» **About this exercise**:
Return exactly the final stretch of the records below, opening with the line that contains "Aryiten Cedar Blocks" and closing with the last line.

» **Available data**:

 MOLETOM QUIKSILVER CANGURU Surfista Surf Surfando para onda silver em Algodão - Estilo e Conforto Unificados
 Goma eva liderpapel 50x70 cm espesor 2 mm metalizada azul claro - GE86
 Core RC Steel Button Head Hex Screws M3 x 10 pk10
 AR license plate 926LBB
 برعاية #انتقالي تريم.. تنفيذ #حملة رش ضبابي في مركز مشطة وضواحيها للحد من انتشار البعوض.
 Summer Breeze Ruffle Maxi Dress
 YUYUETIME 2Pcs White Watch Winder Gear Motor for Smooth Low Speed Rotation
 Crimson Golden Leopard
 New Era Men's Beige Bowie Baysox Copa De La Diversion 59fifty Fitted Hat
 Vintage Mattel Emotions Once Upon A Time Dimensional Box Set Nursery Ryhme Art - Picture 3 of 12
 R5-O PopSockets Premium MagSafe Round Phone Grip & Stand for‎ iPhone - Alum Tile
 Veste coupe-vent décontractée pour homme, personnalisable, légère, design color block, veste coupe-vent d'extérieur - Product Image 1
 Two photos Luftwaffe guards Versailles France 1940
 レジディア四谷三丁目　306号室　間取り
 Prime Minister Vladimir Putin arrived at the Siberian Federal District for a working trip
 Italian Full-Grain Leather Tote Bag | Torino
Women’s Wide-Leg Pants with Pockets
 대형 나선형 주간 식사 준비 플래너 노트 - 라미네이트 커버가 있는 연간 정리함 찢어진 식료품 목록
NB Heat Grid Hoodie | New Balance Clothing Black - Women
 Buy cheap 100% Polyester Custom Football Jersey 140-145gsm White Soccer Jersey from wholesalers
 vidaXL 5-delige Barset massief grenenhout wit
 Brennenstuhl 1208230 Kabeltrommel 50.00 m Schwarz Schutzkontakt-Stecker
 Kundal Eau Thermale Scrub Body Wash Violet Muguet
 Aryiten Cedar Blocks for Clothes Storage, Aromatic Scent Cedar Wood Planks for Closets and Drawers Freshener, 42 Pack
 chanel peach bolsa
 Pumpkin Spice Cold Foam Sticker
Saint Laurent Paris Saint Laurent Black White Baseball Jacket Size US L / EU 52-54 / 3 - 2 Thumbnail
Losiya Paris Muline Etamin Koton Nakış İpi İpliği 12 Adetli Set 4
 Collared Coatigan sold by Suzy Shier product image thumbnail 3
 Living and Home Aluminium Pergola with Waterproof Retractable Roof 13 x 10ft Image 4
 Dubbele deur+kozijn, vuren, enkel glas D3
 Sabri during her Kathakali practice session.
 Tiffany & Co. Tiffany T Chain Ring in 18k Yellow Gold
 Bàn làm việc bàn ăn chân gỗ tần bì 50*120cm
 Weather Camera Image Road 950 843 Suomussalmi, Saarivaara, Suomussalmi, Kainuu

» **Response to this task**:
 Aryiten Cedar Blocks for Clothes Storage, Aromatic Scent Cedar Wood Planks for Closets and Drawers Freshener, 42 Pack
 chanel peach bolsa
 Pumpkin Spice Cold Foam Sticker
Saint Laurent Paris Saint Laurent Black White Baseball Jacket Size US L / EU 52-54 / 3 - 2 Thumbnail
Losiya Paris Muline Etamin Koton Nakış İpi İpliği 12 Adetli Set 4
 Collared Coatigan sold by Suzy Shier product image thumbnail 3
 Living and Home Aluminium Pergola with Waterproof Retractable Roof 13 x 10ft Image 4
 Dubbele deur+kozijn, vuren, enkel glas D3
 Sabri during her Kathakali practice session.
 Tiffany & Co. Tiffany T Chain Ring in 18k Yellow Gold
 Bàn làm việc bàn ăn chân gỗ tần bì 50*120cm
 Weather Camera Image Road 950 843 Suomussalmi, Saarivaara, Suomussalmi, Kainuu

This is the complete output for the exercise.